"Ein Schritt in die richtige Richtung"

Die Regierungskabinett der Niederlande hat beschlossen, Polderland in Zeeuws-Flandern unter Wasser zu setzen, um damit Umweltschäden durch das Ausbaggern der Westerschelde zu kompensieren. Damit liegt der Weg frei für die Vertiefung dieses Zugangs zum Antwerpener Hafen und damit erfüllen die Niederlande auch einen Vertrag mit dem belgischen Bundesland Flandern, der 2005 unterzeichnet wurde.

Vor vier Jahren unterzeichneten Flandern und die Niederlande einen Vertrag, nach dem die von den Flamen seit Jahrzehnten verlangte Ausbaggerung der Westerschelde an Kompensierungen für einen dadurch eventuell entstehenden Umweltschaden gekoppelt werden sollten. Damals viel die Wahl auf den Herzogin Hedwigpolder in Zeeuws-Flandern - quasi auf der dem Antwerpener Hafen gegenüberliegenden Ufer der Westerschelde.
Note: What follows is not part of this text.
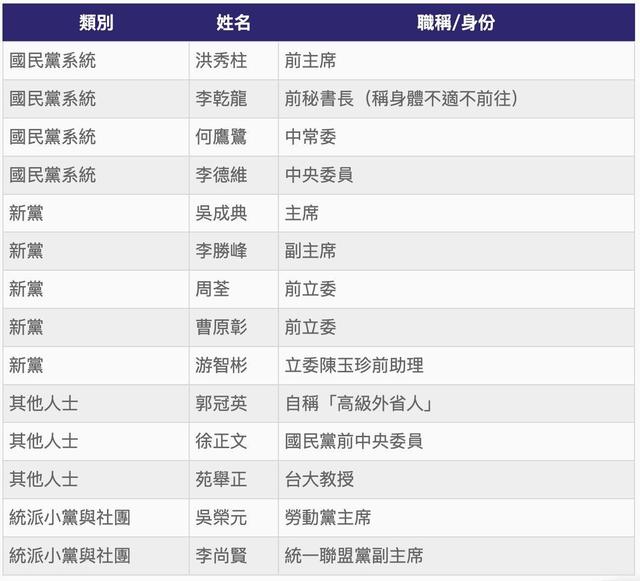 洪秀柱抵达北京，发表郑重表态，民进党急眼了，国民党却令人心寒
Die Schelde ist der einzige Zugang zum Antwerpener Hafen von der Nordsee aus, doch sie ist nicht tief genug, um Hochseefrachter, Containerschiffe oder Öltanker der neuesten Generationen durchfahren zu lassen. Dies gelingt nur zu bestimmten Gezeiten und erschwert das Anlagen solcher Frachter technisch und wirtschaftlich erheblich.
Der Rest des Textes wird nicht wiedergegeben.